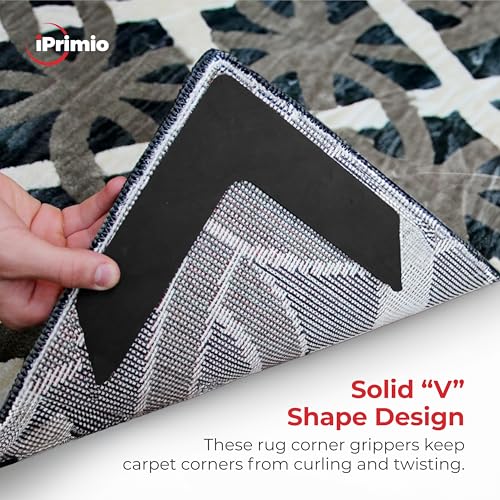 iPrimio NeverCurl 4-Pack V Shape Rug Corner Grippers - Rug Gripper for Hardwood Floors and Outdoor Surfaces - Stops Curling Corners - Safe Carpet Tape Alternative - Works on Rug Corners Indoors - Image 2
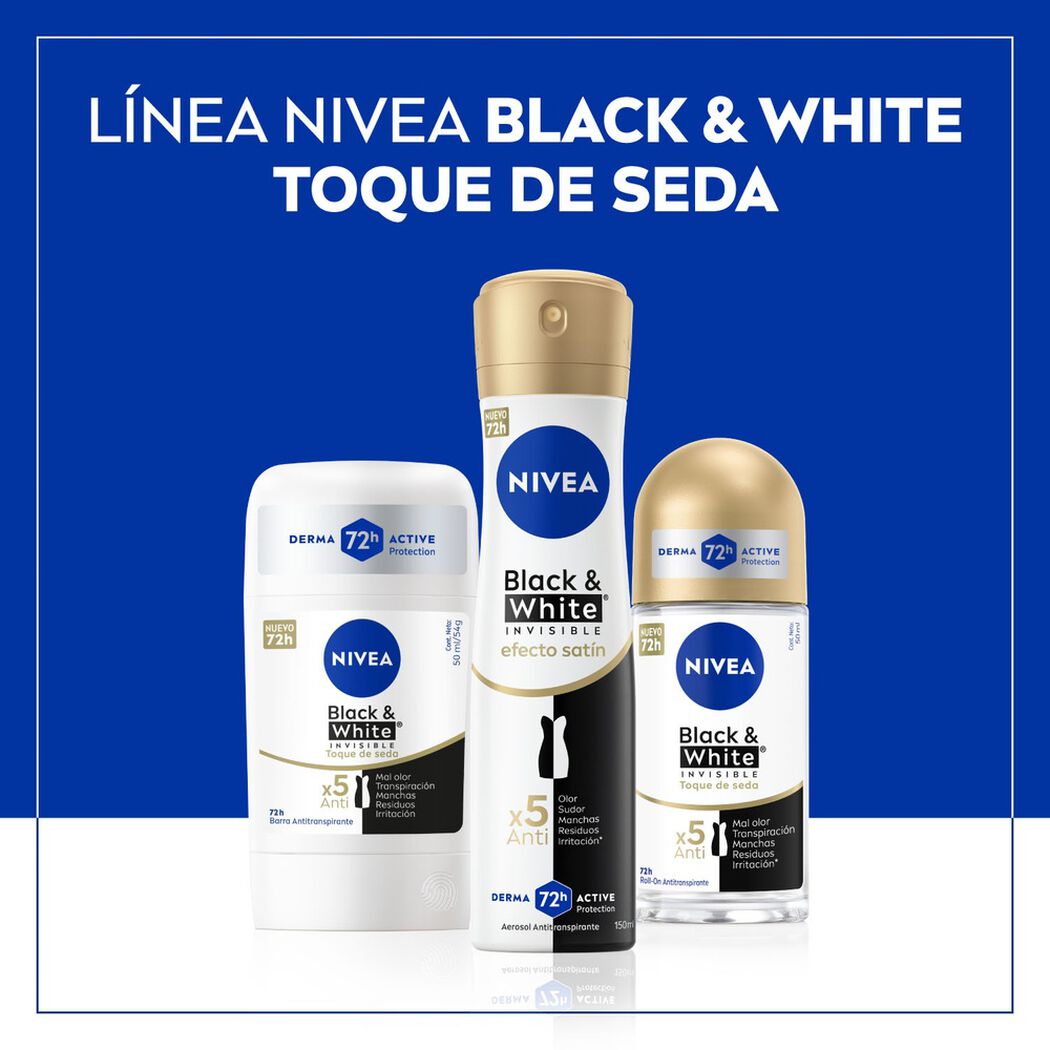 Desodorante Nivea Roll On Black & Whita Invisible Toque Seda 50 mL, , large image number 4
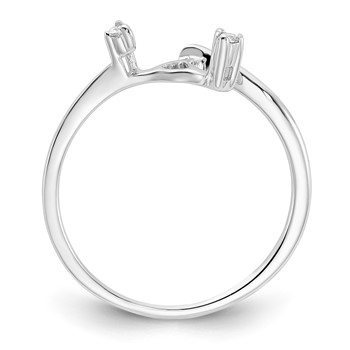 14K White Gold Polished Love Story Diamond Ring Wrap — alternate view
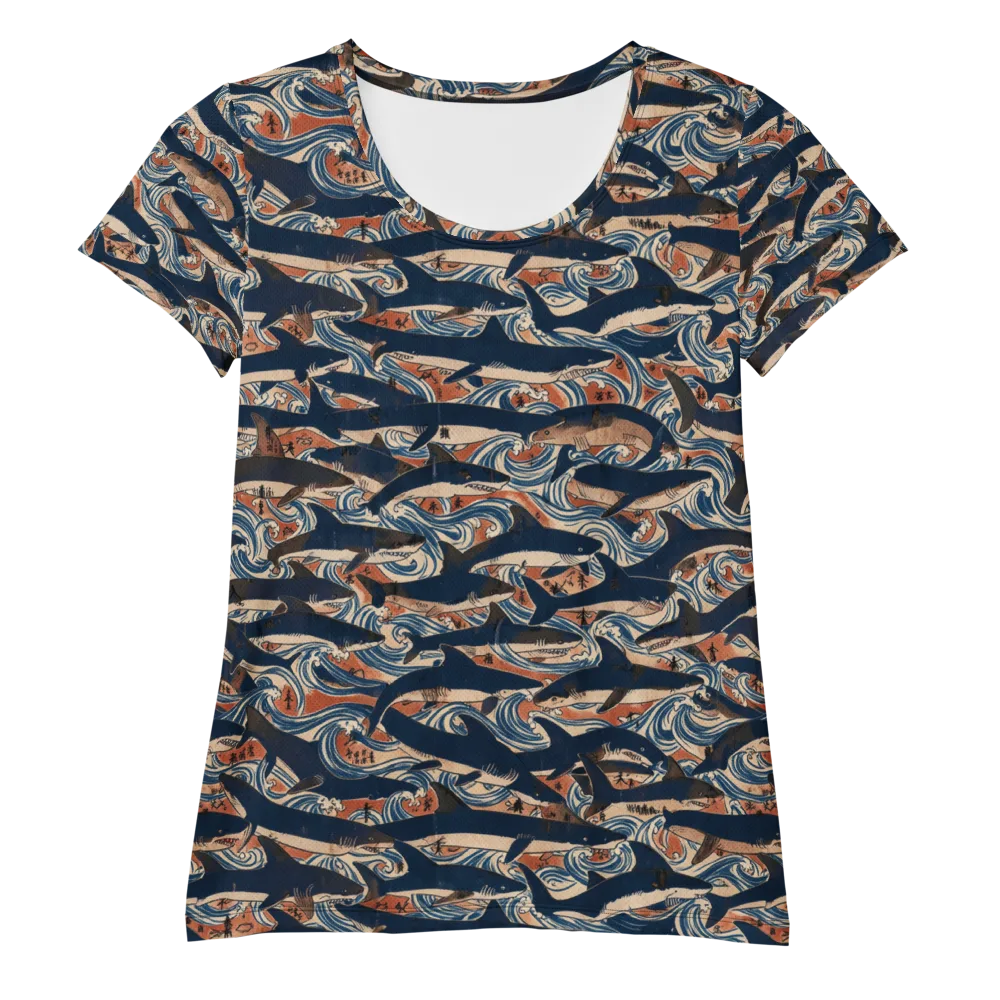 Indigo Koi Current on Women's Athletic T-Shirt — Front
* * *
## TASK OBJECTIVE
Take the lines from the start of the listing above through the line with "Desodorante Nivea Roll", both ends included, and copy them exactly, leaving the pictures behind.

## ANSWER TO THIS TASK
 iPrimio NeverCurl 4-Pack V Shape Rug Corner Grippers - Rug Gripper for Hardwood Floors and Outdoor Surfaces - Stops Curling Corners - Safe Carpet Tape Alternative - Works on Rug Corners Indoors - Image 2
 Desodorante Nivea Roll On Black & Whita Invisible Toque Seda 50 mL, , large image number 4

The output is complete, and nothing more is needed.